Before I dive into the details, I think it would be useful to have a map of the system I’ll be talking about. This is based on assumptions, so could be wrong.
Some key points that underpin this assumed architecture:
- Speech recognition is something that the Alexa system will do, so that the cookers, doorknobs etc. that use Alexa to be voice-controlled don’t have to (i.e. separation of concerns).
- Speech recognition is hard. All that the Alexa device can do is recognise its wake word. After that it ships the audio it hears to the Alexa servers in the cloud so that the main speech recognition can happen there, where there’s a lot more computer power available.
- The Alexa servers (running a NEFF skill or Alexa app) will recognise the command to do something to the oven e.g. turn it on. Whether the output is the string of words or some skill-specific token doesn’t really matter. The important thing is this command must get from the Alexa server to the oven somehow.

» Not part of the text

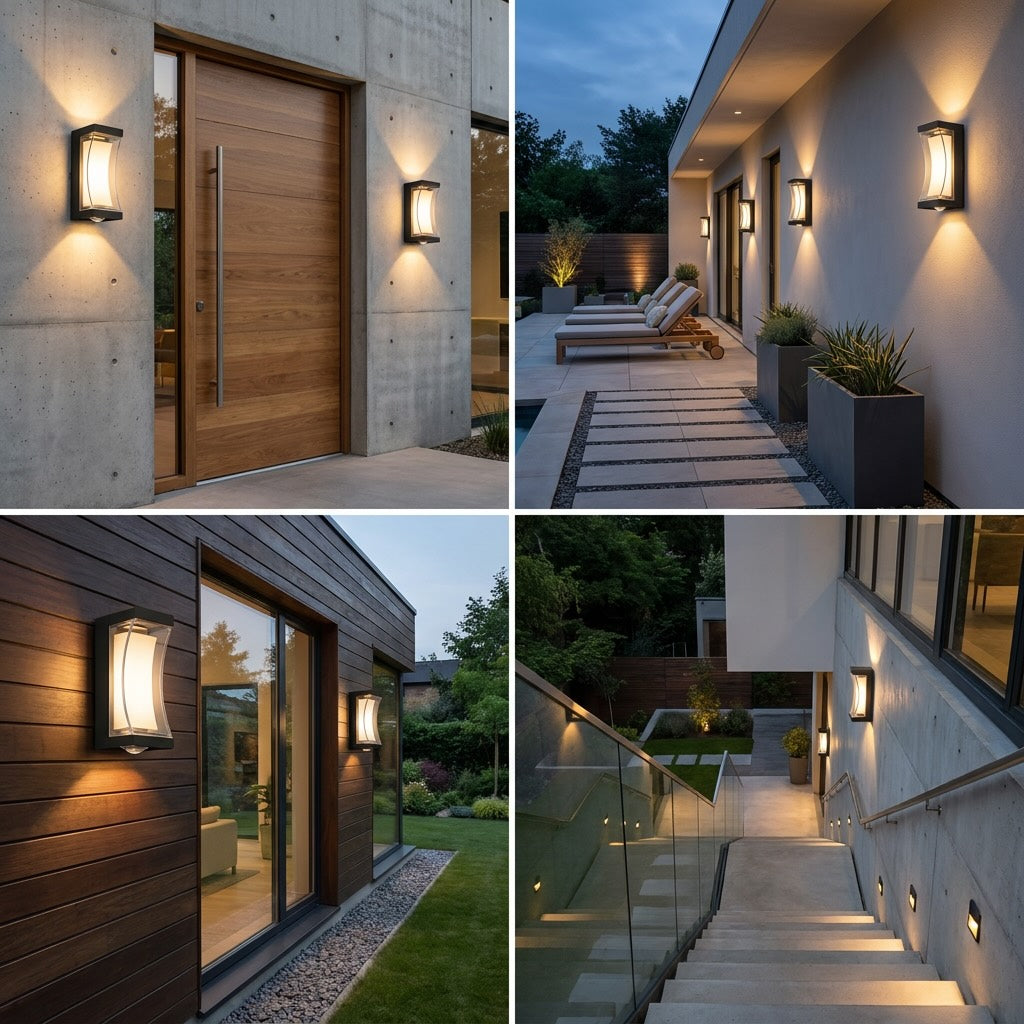 Black Up Down Outdoor Wall Lantern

NEFF integrating with Alexa at its servers doesn’t make much sense because it would mean that NEFF would have to maintain its own (logical) network for sending commands from the Alexa servers to an arbitrary home’s cooker in who knows which country. (Remember, NEFF isn’t the only manufacturer integrating with Alexa, and so each would need their own network back to an arbitrary user’s home.) Instead, I assume the command comes back to the Alexa box, and is then broadcast over the home’s Wi-Fi to get to the cooker.

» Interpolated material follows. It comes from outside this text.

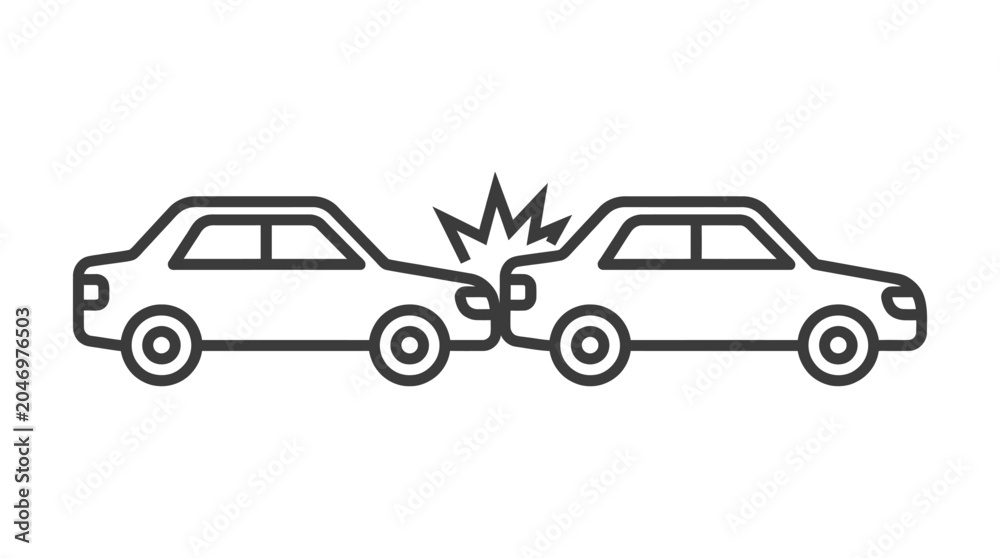 Obraz premium Simple line art illustration of two cars colliding head-on with a burst of energy depicted between them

So the series of steps involved in controlling a cooker by voice are:
|1||The user speaks the command|
|2-5||The Alexa device recognises its wake word and starts streaming audio to the Alexa server over Wi-Fi and then the internet|
|6-9||The Alexa server recognises the rest of the command, and returns the result to the Alexa device over the internet and then Wi-Fi|
|10||The Alexa device broadcasts the results of the speech recognition over the Wi-Fi|
|11||The Wi-Fi gateway attached to the NEFF cooker picks up the speech recognition output and turns that into control signals for the cooker|
|12||The control signals go from the gateway to the cooker to e.g. set its temperature|
One approach to thinking about security problems is STRIDE. As far as I’m aware, it’s a set of prompts to help you think, rather than a multi-step procedure that you must follow to the letter.
Type of attack
Thing under threat
|Spoofing||Authentication||Fooling the system into thinking you are someone or something you’re not|
|Tampering||Integrity||Changing code or data, in flight or at rest|
|Repudiation||Non-repudiation||Covering your tracks, so it appears you did / didn’t do the thing you didn’t / did do|
|Information Disclosure||Confidentiality||Accessing information that you’re not supposed to be allowed to get to|
|Denial of Service||Availability||Stopping other people from using the system|
|Elevation of Privilege||Authorisation||Doing something you’re not supposed to be allowed to do|
Spoofing and elevation of privilege can often end with the same result – your being able to do something you’re not supposed to do. One of them (spoofing) starts of the beginning of the process, where you impersonate someone who’s able to do the thing you want to do. The other one (elevation of privilege) doesn’t bother trying to make you look like someone else, rather it just attacks the protections that limit who can do what. I have written an article about the difference between authentication and authorisation if you want more details.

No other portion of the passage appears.